В чисто водном дегуммировании существенные различия в содержании тяжелой фазы происходят с самого начала, и их нельзя отнести к переполнению сепаратора. Верхний предел в отношении содержания P в масле, определенный в промышленном масштабе, согласно производителю сепаратора, почти всегда превышен после разделения, и имеют место значительные колебания.

Добавление пропан-1,2-диола значительно улучшает разделение в выбранных экспериментальных условиях. В течение периода до 6 минут, доля тяжелой фазы в отделенном масле остается очень малой и намного ниже верхнего предела 0,2 масс. Существует затем крутой подъем, вызванный заполнением контейнера для смолы в сепараторе. В промышленном масштабе сепаратор будет опорожняться автоматически.
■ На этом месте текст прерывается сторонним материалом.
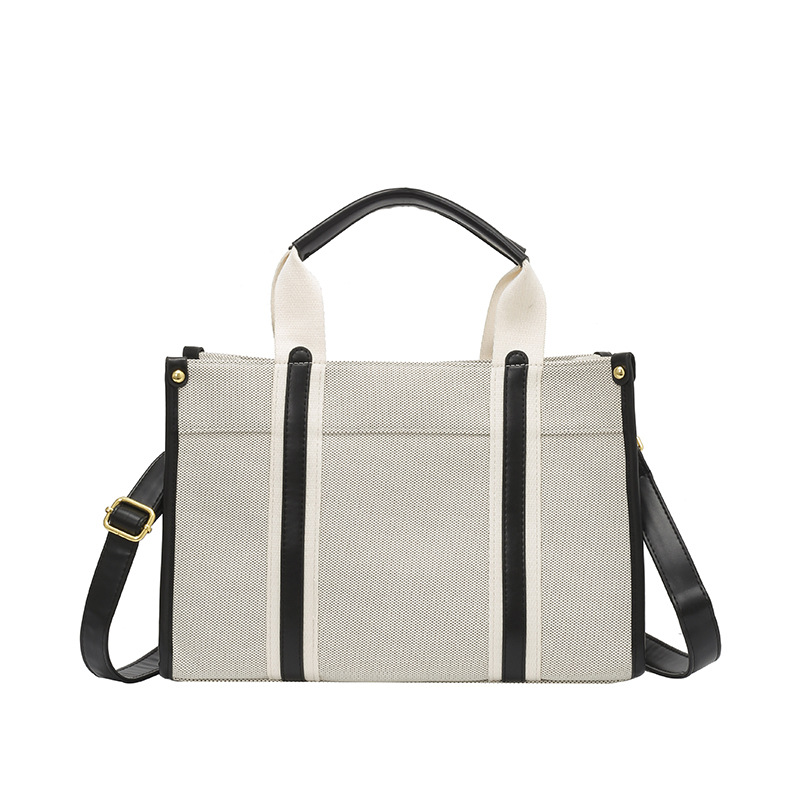 Bolso Tote para mujeres transfronterizas nuevo bolso de moda coreano de alta calidad contraste color versátil mochila de viaje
Косвенно из профиля содержания тяжелой фазы в масле в виде функции времени можно сделать вывод о более низком содержании смолы в масле и, следовательно, более высоком выходе масла за счет использования пропан-1,2-диола в качестве добавки, хотя точное количественное определение не представляется возможным только с этими экспериментальными данными. Если первый пик в водном дегуммировании, как предполагается, вызывается флуктуацией процесса, потому что содержание тяжелой фазы снижается ниже 0,2 масс.% снова в дальнейшем, содержание тяжелой фазы остается выше предела 0,2% начиная с 4 минуты, а это означает что сепаратор уже заполнен тяжелой фазой. Такая ситуация возникает только через 7 минут в случае использования пропан-1,2-диола.